Twitter announced that it is changing its rule on the number of accounts a person can follow per day. The platform tweeted that the limit is moving from 1,000 accounts to 400 in order to stop spammers.
Follow, unfollow, follow, unfollow. Who does that? Spammers. So we’re changing the number of accounts you can follow each day from 1,000 to 400. Don’t worry, you’ll be just fine.
— Twitter Safety (@TwitterSafety) April 8, 2019
Twitter is working to impede “churning” accounts and lessen the number of block and spam reports caused by them. Churning accounts are profiles that repeatedly follow and unfollow to increase their follower metrics.
Some users questioned the 400 account limit, but Yoel Roth, Twitter’s Head of Integrity, offered some insight in his own string of tweets.
“You can’t stop spam, bots, or other types of manipulation with rate limits alone,” Roth said. “However, rate limits do make each spam account less effective, slower, and more expensive to operate.”
The limit is not expected to impact most users. “Most people don’t need or want to follow that many accounts,” Roth said in his Twitter thread.
Today, we lowered the limit on the number of accounts you can follow per day from 1000 to 400. Some people are wondering why we picked 400. Well, I’m glad you asked. Nerdy thread on rate limits and anti-spam technology 👇… https://t.co/DZTkqo2dqi
— Yoel Roth (@yoyoel) April 8, 2019
Imposing a limit of less than 400 could negatively affect business profiles that handle customer service issues through Twitter. They may need to follow a large number of accounts to send and receive messages.
To avoid that, the company made its decision based on the threshold of account follows per day by spam accounts.
Twitter has been doing routine sweeps to stop spam and bots from overwhelming the platform. Ahead of the 2018 midterm elections, the company deleted more than 9 million bot accounts.

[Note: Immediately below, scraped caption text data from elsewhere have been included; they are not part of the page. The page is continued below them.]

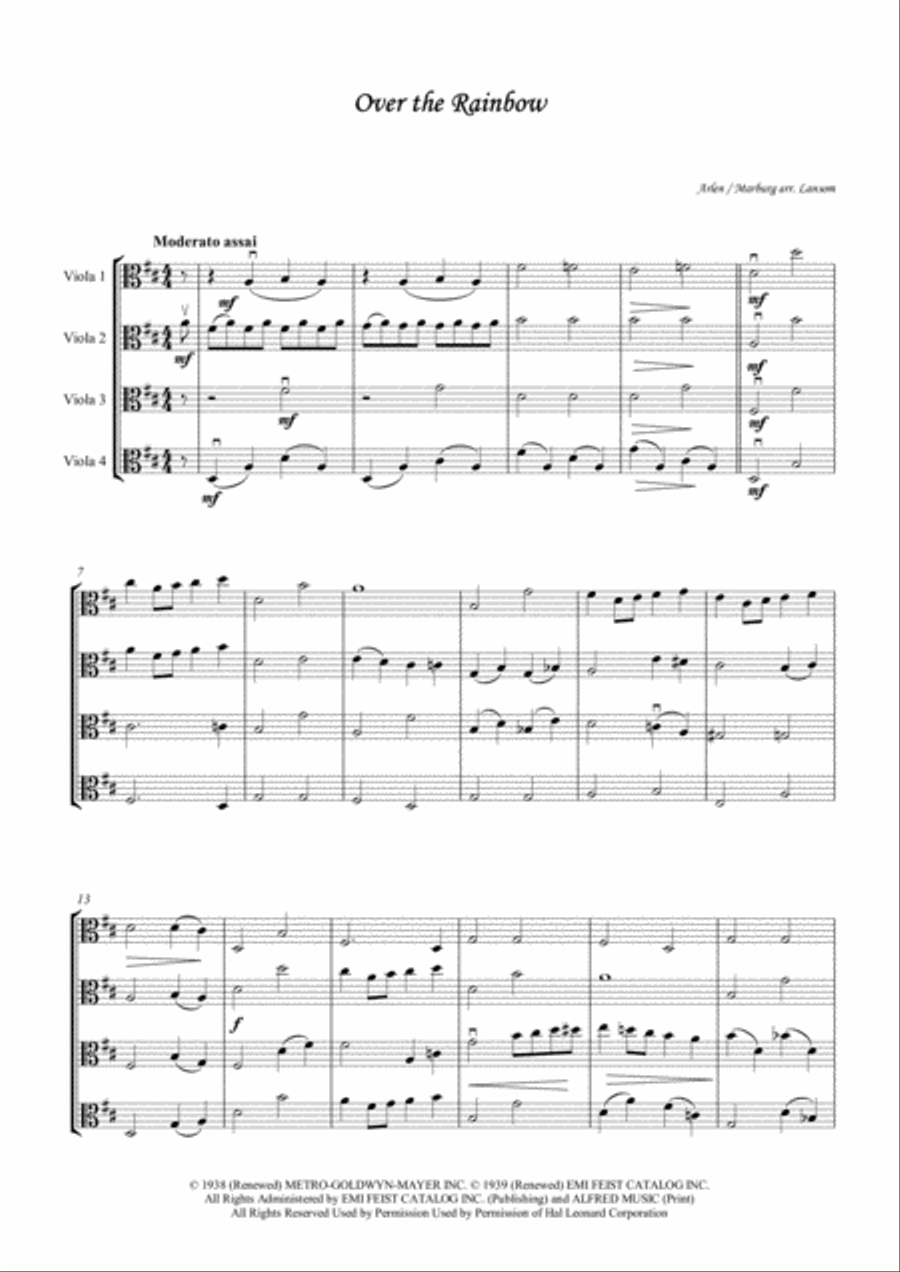 Over The Rainbow (from The Wizard Of Oz) Small Ensemble scores gallery preview page 1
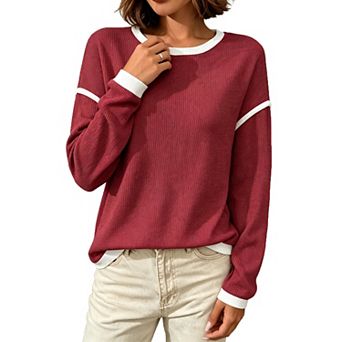 Women Crew Neck Knit Long Sleeve Tops Contrast Trim Loose Fit Casual Basic Pullover Shirts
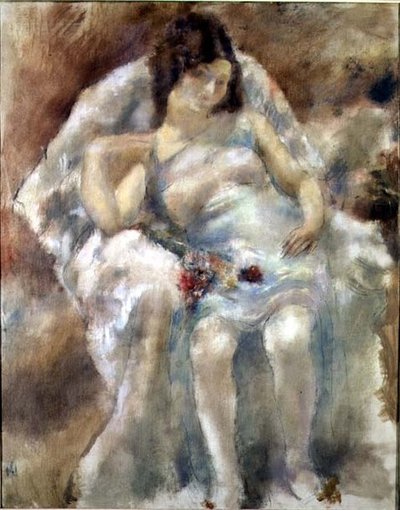 Çiçeklerle Oturan Genç Kadın by Jules Pascin
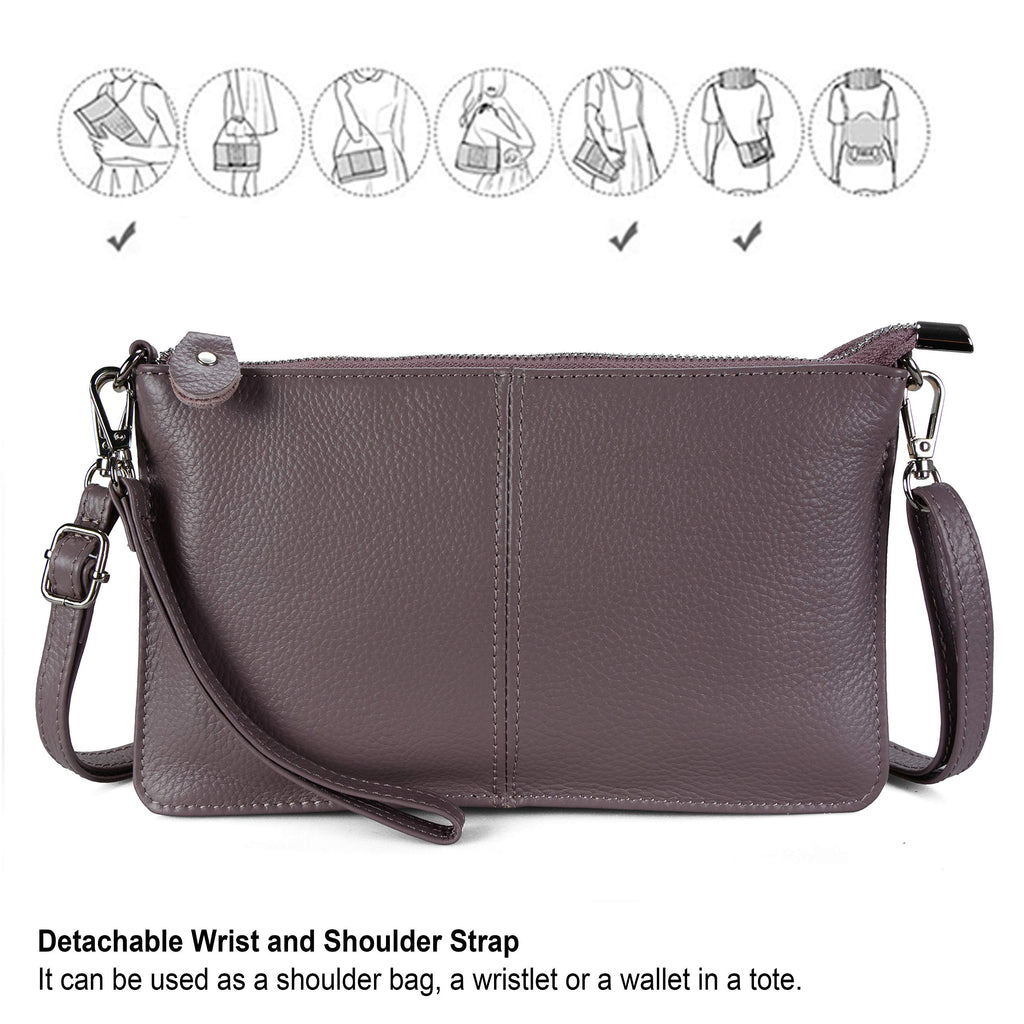 befen Genuine Leather Wristlet Clutch Wallet Purses Small Crossbody Bags for Women with RFID Blocking Card Slots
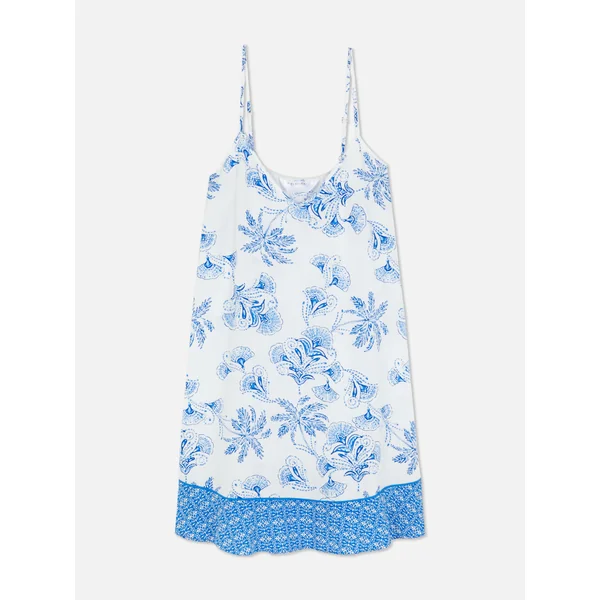 Floral Toile Border Chemise - Ivory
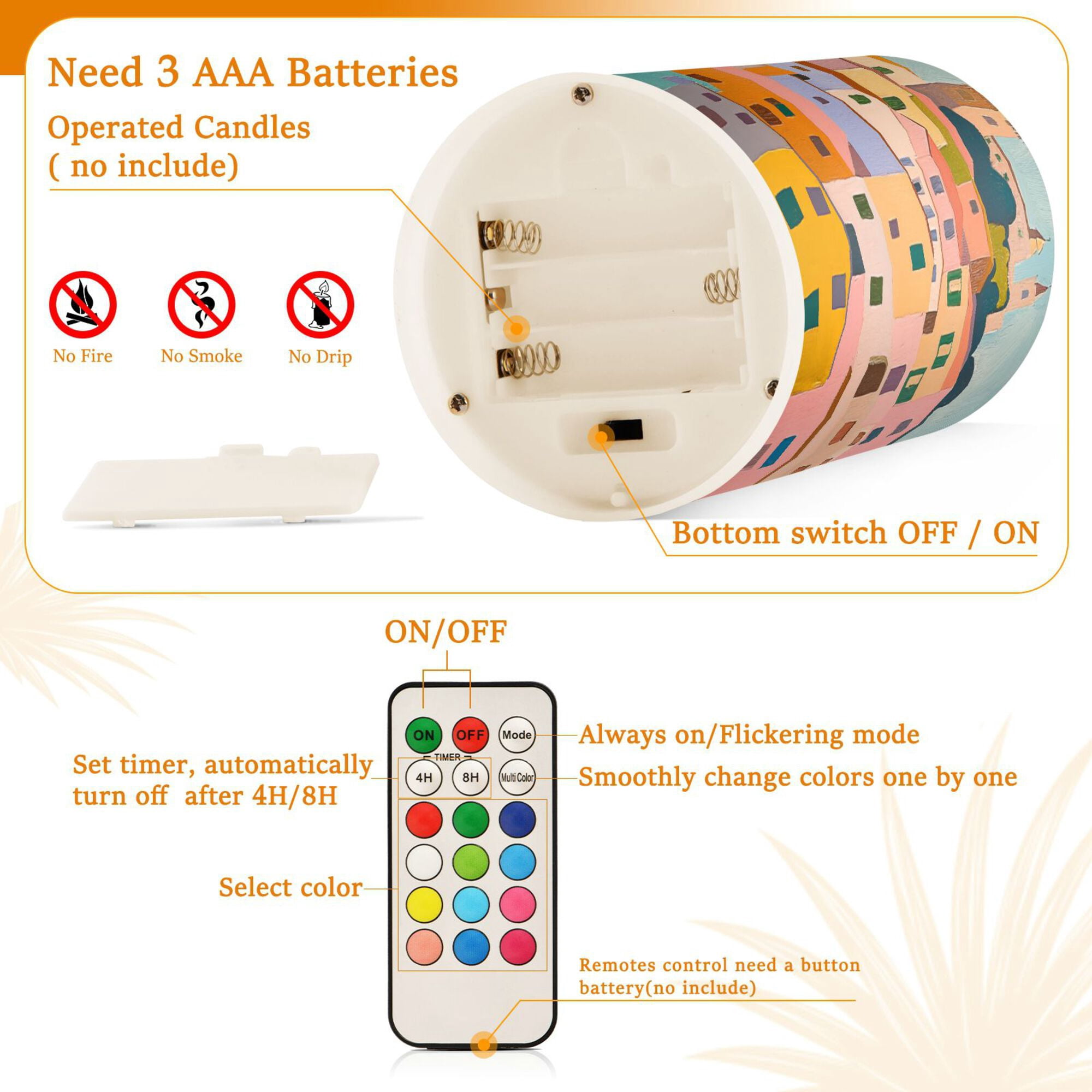 Yayeee Flameless Candles with Remote Flickering Battery Operated Multi Color Changing, Orange Cityscape Painting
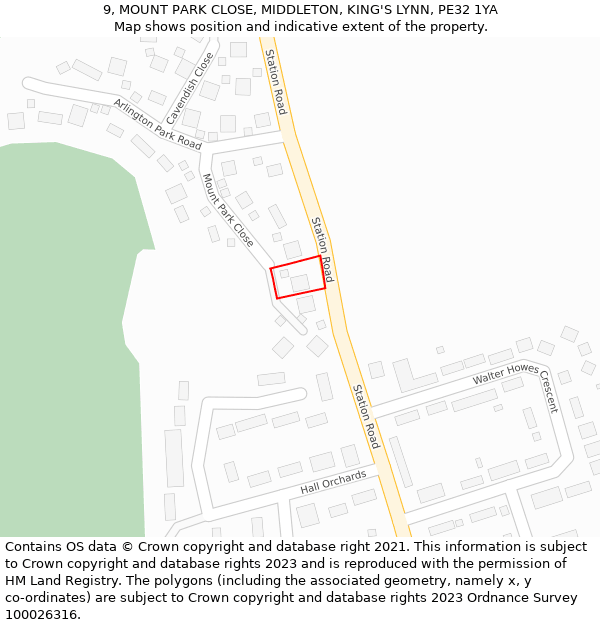 9, MOUNT PARK CLOSE, MIDDLETON, KING'S LYNN, PE32 1YA: Location map and indicative extent of plot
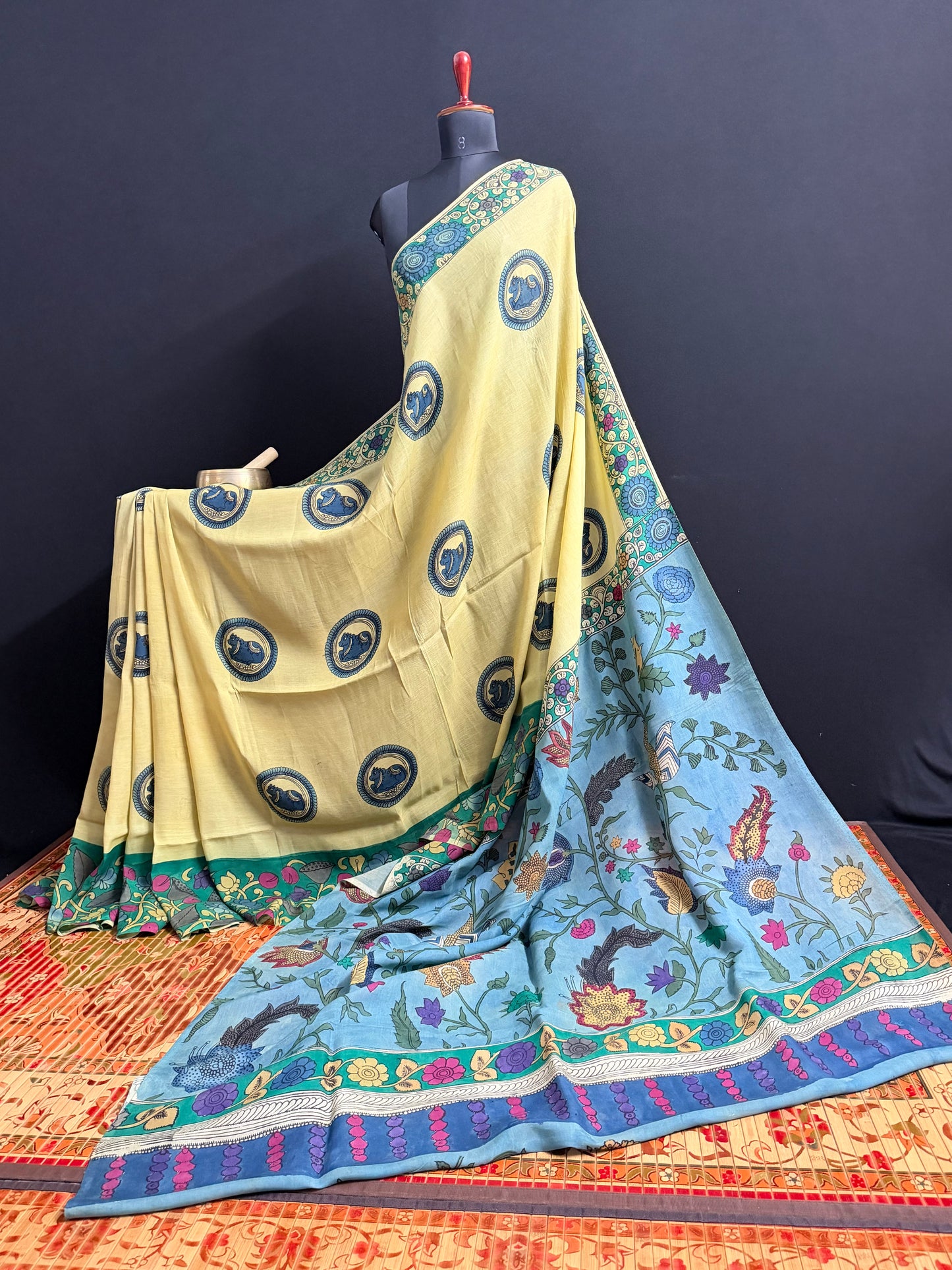 Silkcotton Penkalamkari Saree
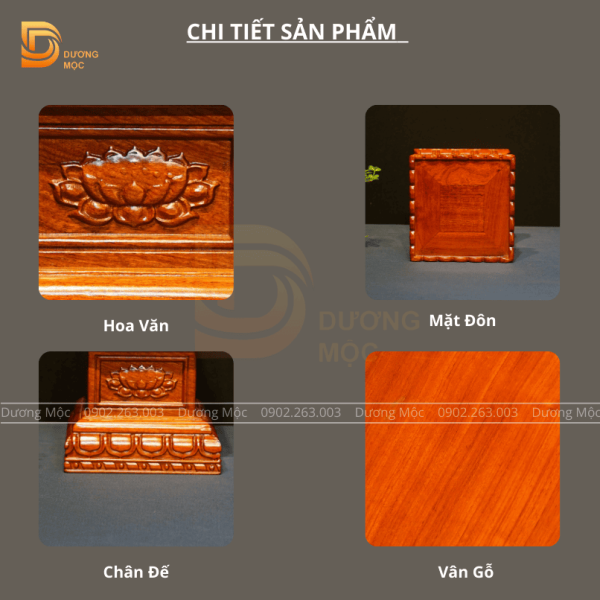 Đôn Kê Tượng Gỗ Hương Chạm Sen 15x15 DKT08 - Ảnh 7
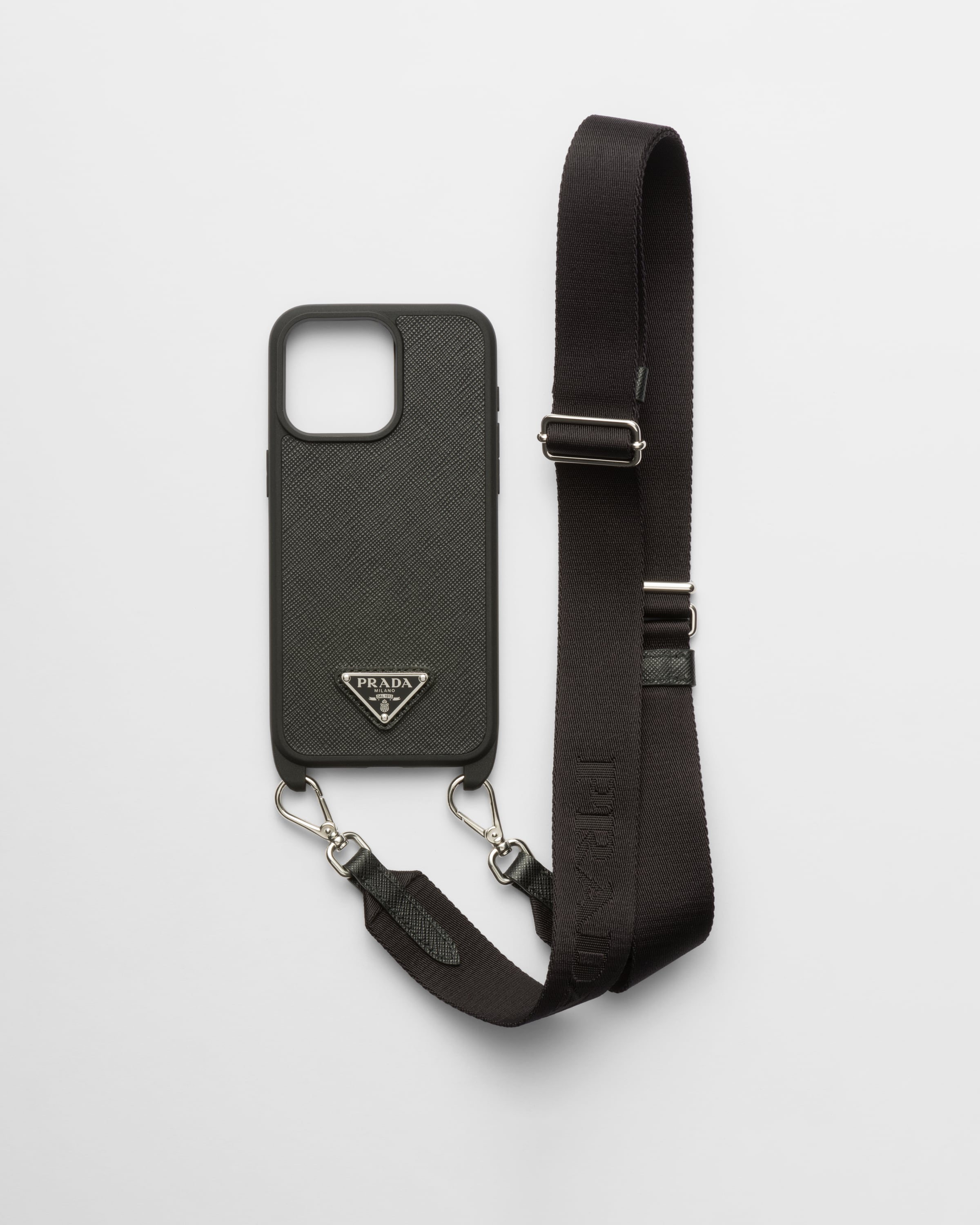 Prada Saffiano Leather Cover For Iphone 15 Pro Max In Black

Earlier this year the platform had to fight against the spread of Islamic State propaganda after it was found that hundreds of dormant Twitter accounts had been hijacked. The company has since deleted the accounts.
Facebook and YouTube have also had their fair share of tackling inorganic engagement in the form of bots and dislike campaigns. Facebook’s war room is completely dedicated to monitoring and removing bots aimed at election interference and propaganda. YouTube is focusing on more ways to stop “dislike campaigns” that have adverse impacts on its users.